Businesses of tomorrow are the ones that can successfully transition from “things and people” to “technology and networks”.

This is evident in the recent proliferation of the adjective ‘Digital’ in most C-suite titles and businesses either being ‘born-in-the-cloud’ or traditional businesses undergoing some form of digital transformation.

However, there is no consensus as what ‘going digital’ actually means. To some executives, it is the deployment of technology in their current business – also called business process optimisation (BPM). To others it is about a whole new way of engaging with customers, also called the digital customer experience.

Then for others it’s about an entire new way of conducting business – the exponential digital business mindset. One would presume that the various definitions depend on the individual business circumstances including competition, cost pressures, customer expectations, industry disruptions and regulations.

FIRtech CEO Ugan Maistry says whilst none of these definitions are incorrect, every digital transformation journey needs to be guided by strategy, a business model that supports that strategy, enablers that are needed to execute the business model and the orchestration of enablers to reach one’s destination.

“If it’s so easy, then why are they failing? In defining the digital business strategy, most executives are taking a blue-sky thinking approach in redefining the purpose of the organisation. This might seem revolutionary and necessary at the time, but it could create an execution challenge for IT,” he explains.

Unrealistic expectations often create complexity in the planning and execution phases. The project becomes inundated with technology imperatives: cloud, artificial intelligence, big data and IoT, without due consideration of where and how each of these imperatives will add direct financial benefit, value differentiation or build brand equity.

Instead, the yardstick is the size of the data lake, the speed of data retrieval, data mobility and the reduction of the ICT opex budget. Before you know it, a few years have passed, hundreds of millions of rands spent and the failed project is attributed to poor organisational structures, inadequate organisational change management and a lack of executive support.

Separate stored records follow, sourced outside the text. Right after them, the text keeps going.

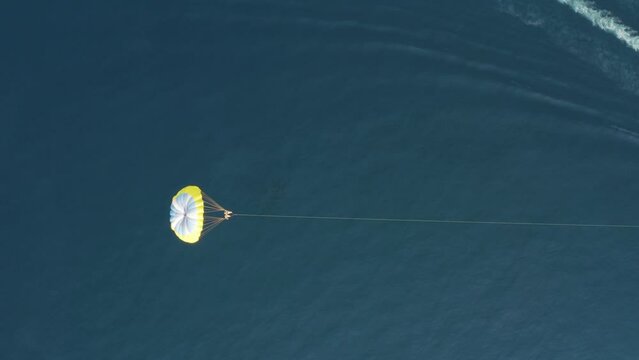 Aerial view of a person doing parasail with a motorboat along the coast in Sicily, Italy.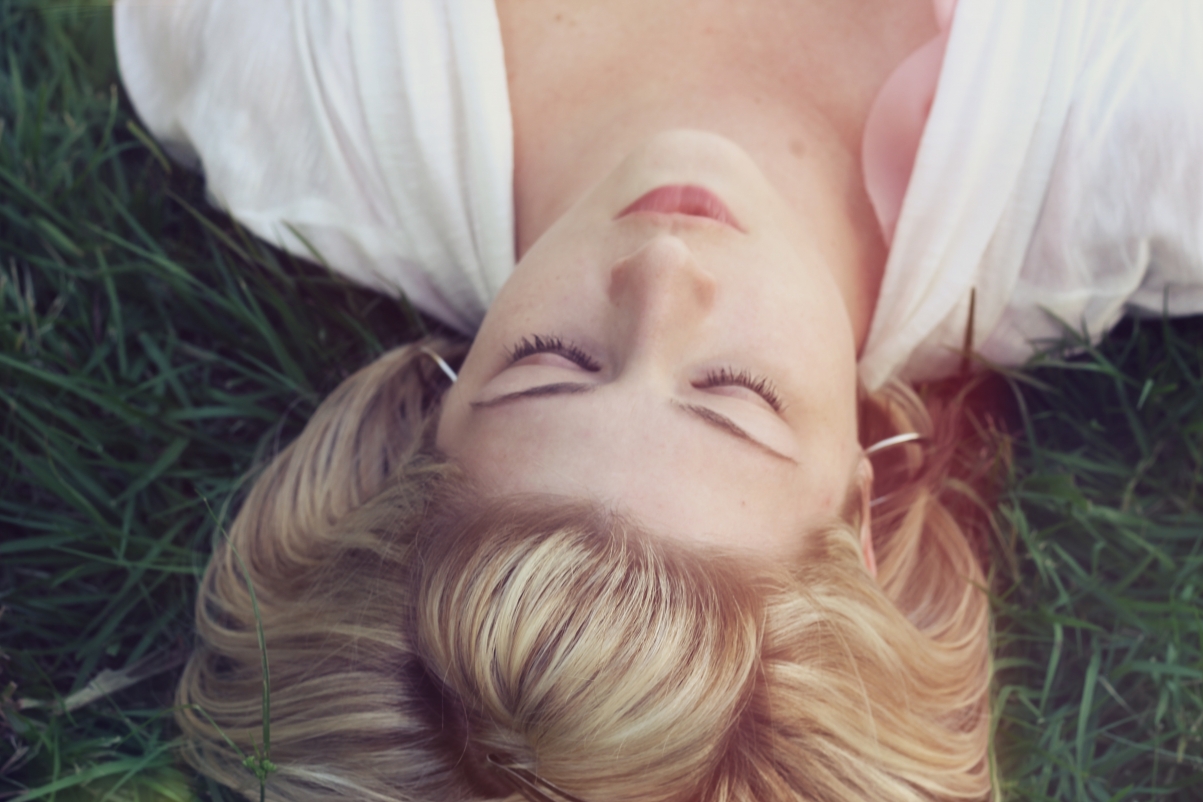 Beautiful blonde woman lying on the grass 5K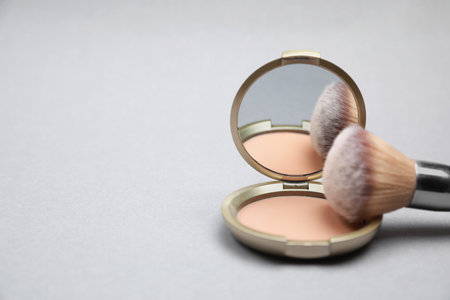 Face powder and brush on light gray background, closeup. Space for textの写真素材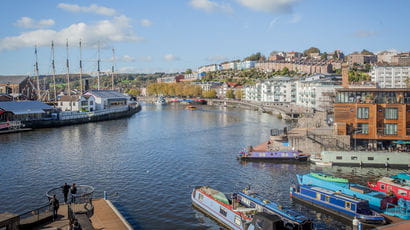 Bristol harbour with boats and colourful houses.
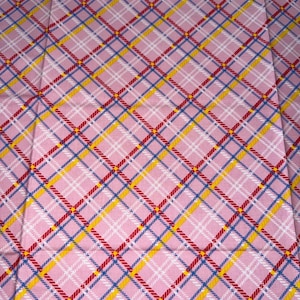 May include: Pink plaid fabric featuring a repeating pattern of red, yellow, blue, and white lines. The lines intersect to form a grid design. The fabric has a soft, textured appearance.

Maistry says perhaps it should be evolution and not revolution. “In the era of the knowledge worker, perhaps the quick wins should be around how we free up the business knowledge worker to be active participants and leaders in the digital transformation journey. After all, they are the ones with the knowledge of the organisational nuances.”

They spend their time manually manipulating a melange of structured and unstructured data as resident data jockeys, guiding and mending the business processes with short term fixes and inadvertently creating a precedence of what they regard as acceptable practice, acceptable turnaround times and acceptable service levels.

Is this intentional ? Definitely not. The sheer volumes of repetitive manual tasks leave the guru with little time to stop, think and act. It is very possible that the business process has not been electronically orchestrated due to the nature of the process e.g. multiple decision point inputs or it is cost prohibitive to use some sort of middleware or BPM tool to integrate the process.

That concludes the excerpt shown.